Het bezwaar van een aanbieder dat deze vaststelling van de hoogte van de kostprijselementen niet transparant is en daarmee evenmin de kostprijs, wordt door de voorzieningenrechter niet gevolgd.

De voorzieningenrechter constateert dat de rekentool is ingevuld op basis van de marktverkenning onder lokale aanbieders naar marktelelementen die kenmerkend zijn voor hulp bij de het huishouden en dat gemeenten ervan uit mogen gaan dat een behoorlijk geïnformeerde en normaal oplettende inschrijver op het terrein van hulp bij het huishouden kennis heeft van de kostenstructuur van een gemiddeld efficiënte lokale aanbieder en ook van specifieke lokale omstandigheden. Ook aldus de voorzieningenrechter, zijn gemeenten niet verplicht verantwoording af te leggen over de verschillen tussen de gekozen structuur en de suggesties in de rekentool, laat staan die van de individuele aanbieder.

Commentaar

De laatste overweging kan worden gevolgd. Doel van de AMvB is niet dat wordt gekomen tot een voor alle (potentiële) aanbieders kostendekkende prijs maar dat wordt gekomen tot een kostprijs die voor een redelijk deskundige en goed opererende aanbieder kostendekkend is.
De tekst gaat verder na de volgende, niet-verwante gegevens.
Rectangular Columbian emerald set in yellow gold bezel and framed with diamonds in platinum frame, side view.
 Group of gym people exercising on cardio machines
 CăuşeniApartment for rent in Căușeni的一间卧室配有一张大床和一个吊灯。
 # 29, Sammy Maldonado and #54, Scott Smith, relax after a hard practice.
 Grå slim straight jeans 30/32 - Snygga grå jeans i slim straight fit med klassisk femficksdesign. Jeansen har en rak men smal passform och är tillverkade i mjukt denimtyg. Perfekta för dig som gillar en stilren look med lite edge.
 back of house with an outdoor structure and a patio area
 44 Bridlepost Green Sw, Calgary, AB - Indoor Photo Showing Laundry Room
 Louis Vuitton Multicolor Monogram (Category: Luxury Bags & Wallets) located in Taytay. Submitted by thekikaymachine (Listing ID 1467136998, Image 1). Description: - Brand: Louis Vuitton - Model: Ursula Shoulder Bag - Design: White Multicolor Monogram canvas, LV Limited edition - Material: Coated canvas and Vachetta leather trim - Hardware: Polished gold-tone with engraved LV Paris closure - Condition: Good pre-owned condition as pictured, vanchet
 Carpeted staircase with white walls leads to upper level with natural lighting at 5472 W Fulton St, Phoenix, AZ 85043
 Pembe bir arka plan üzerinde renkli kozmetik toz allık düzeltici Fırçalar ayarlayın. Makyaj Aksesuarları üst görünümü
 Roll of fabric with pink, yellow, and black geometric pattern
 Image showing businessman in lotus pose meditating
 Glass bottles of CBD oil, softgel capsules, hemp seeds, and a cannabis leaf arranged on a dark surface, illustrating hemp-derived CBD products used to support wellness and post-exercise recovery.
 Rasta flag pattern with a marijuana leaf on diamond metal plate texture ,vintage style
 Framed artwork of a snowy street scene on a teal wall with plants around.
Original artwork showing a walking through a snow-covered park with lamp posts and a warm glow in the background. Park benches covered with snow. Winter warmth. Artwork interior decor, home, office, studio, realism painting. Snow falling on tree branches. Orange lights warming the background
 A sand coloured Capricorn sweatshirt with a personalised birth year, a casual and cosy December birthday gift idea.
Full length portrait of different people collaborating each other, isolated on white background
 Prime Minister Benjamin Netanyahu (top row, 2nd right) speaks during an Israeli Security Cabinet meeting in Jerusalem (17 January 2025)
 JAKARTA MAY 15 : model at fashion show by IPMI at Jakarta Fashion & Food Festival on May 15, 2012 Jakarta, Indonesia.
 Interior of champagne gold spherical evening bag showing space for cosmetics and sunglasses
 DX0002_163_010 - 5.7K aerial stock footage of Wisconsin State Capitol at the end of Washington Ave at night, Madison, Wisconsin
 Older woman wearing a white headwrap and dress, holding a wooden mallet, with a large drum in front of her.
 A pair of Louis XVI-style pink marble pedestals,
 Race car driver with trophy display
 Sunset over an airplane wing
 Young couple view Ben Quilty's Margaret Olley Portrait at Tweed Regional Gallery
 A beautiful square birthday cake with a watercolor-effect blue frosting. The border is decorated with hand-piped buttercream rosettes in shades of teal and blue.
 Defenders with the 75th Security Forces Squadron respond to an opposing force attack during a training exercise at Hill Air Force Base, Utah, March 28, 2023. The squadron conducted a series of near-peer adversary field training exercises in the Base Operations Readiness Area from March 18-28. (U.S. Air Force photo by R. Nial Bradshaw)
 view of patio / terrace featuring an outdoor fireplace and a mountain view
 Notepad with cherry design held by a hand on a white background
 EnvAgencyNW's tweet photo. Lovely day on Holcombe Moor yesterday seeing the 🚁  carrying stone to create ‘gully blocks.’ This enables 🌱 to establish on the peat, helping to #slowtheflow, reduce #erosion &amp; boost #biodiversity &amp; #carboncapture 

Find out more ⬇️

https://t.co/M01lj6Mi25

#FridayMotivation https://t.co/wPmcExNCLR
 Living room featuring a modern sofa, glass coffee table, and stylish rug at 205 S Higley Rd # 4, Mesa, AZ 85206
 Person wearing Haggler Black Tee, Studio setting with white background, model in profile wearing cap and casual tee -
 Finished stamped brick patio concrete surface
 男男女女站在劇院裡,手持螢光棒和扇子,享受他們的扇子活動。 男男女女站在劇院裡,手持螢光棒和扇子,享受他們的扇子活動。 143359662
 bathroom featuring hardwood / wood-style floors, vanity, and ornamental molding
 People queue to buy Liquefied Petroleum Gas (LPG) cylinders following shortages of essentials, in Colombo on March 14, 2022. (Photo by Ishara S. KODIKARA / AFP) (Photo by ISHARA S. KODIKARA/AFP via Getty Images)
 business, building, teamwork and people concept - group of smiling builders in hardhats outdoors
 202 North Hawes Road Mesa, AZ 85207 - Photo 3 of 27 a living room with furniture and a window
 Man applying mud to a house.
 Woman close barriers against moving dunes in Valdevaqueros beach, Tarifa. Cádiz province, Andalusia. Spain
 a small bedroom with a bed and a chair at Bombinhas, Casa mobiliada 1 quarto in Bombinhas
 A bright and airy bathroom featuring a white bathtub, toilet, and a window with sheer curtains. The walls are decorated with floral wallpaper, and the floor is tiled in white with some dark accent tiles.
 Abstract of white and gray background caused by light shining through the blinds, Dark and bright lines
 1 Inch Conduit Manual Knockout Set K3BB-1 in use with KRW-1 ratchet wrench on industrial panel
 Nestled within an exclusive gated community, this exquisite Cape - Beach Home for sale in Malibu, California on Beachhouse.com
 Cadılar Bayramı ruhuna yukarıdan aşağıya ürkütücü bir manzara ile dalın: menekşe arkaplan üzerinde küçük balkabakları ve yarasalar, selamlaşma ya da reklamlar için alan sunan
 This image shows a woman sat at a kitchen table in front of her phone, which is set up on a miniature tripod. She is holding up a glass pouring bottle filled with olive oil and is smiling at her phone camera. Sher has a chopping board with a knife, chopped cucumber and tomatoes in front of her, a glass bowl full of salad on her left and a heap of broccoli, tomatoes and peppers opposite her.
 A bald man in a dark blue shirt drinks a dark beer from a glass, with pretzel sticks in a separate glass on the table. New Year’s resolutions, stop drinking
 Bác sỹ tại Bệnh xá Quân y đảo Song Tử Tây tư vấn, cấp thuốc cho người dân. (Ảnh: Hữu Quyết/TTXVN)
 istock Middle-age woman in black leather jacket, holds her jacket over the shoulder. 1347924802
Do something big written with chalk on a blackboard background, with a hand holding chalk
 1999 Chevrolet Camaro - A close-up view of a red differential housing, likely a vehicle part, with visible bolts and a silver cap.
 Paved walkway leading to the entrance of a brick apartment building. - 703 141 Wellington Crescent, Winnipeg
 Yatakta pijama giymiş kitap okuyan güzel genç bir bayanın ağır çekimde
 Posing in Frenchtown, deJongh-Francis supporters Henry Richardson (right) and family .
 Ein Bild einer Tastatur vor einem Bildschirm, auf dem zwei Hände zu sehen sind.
Wat betreft de eerste overweging wordt opgemerkt dat hiermee de op gemeenten rustende verplichting om inzicht te geven in de gemaakte afwegingen, wel erg wordt beperkt tot informatie over de kostprijselementen die zijn gehanteerd en de daaraan gekoppelde bedragen en percentages. Als wordt afgeweken van suggesties in de rekentool voor vrij in te vullen data en bij het invullen van bedragen/percentages voor vrij in te vullen data dient daaraan een weloverwogen beslissing ten grondslag te liggen. In het kader van het zorgvuldigheidsbeginsel, doen gemeenten er dan ook goed aan om zij het op hooflijnen, hun afwegingen inzichtelijk te maken aan de (potentiële) aanbieders. Mogelijk bijkomend voordeel van deze transparantie is dat (potentiële) aanbieders de keuzes begrijpen en accepteren en waardoor vragen of zelfs procedures kunnen worden voorkomen.